MATERIAL SUPPLIED>
=== Begin Enclosure ===
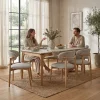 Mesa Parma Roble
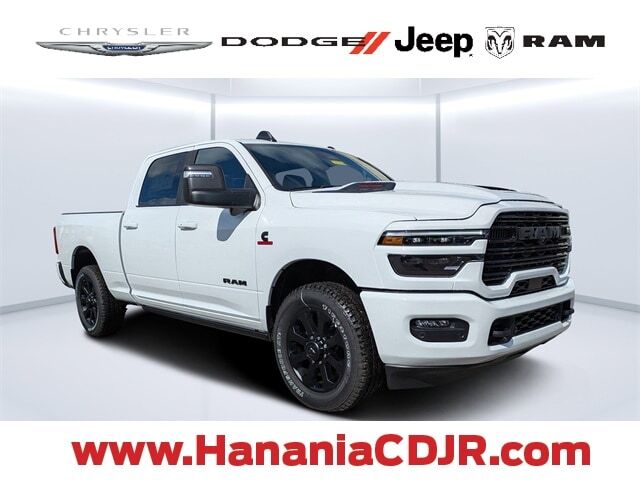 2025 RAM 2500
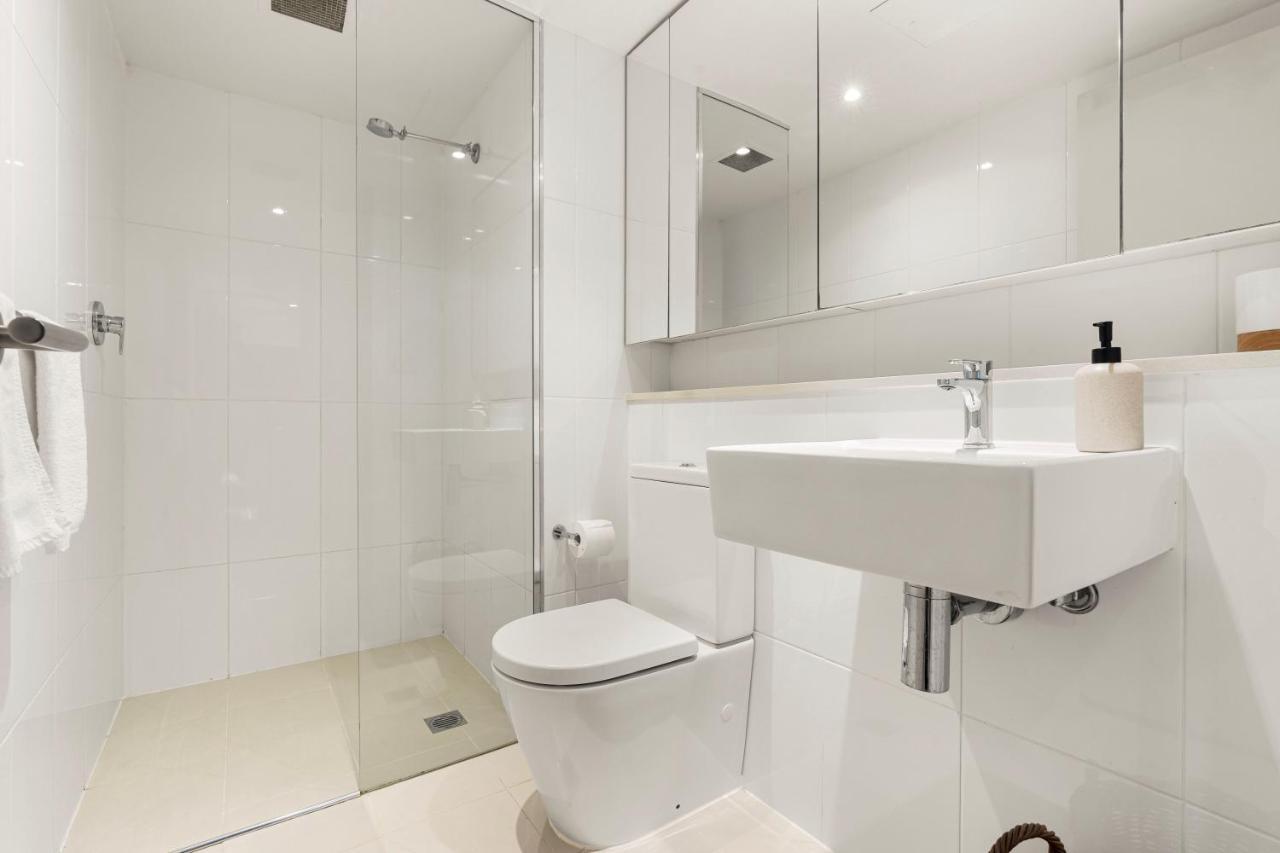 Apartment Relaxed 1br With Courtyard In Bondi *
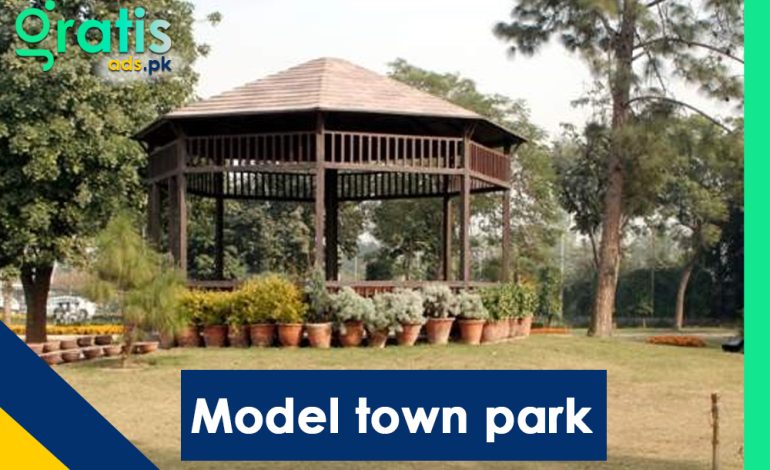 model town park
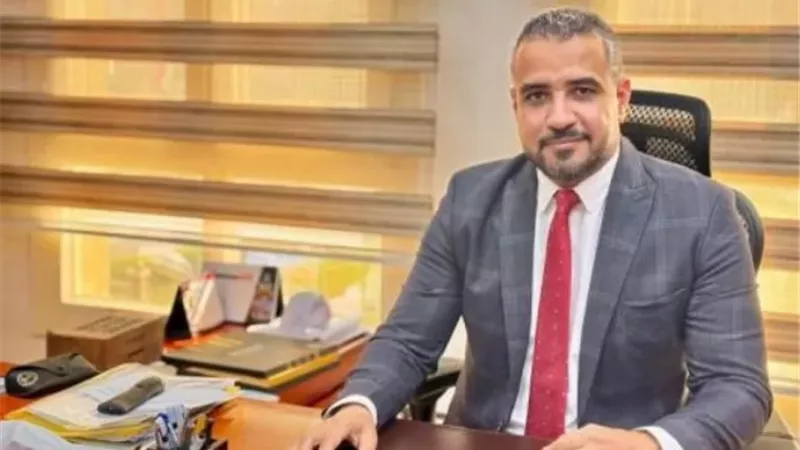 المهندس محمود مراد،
=== End Enclosure ===
ACTION ITEM>
Leave out the pictures and return the listing exactly.

EXERCISE RESULT>
 Mesa Parma Roble
 2025 RAM 2500
 Apartment Relaxed 1br With Courtyard In Bondi *
 model town park
 المهندس محمود مراد،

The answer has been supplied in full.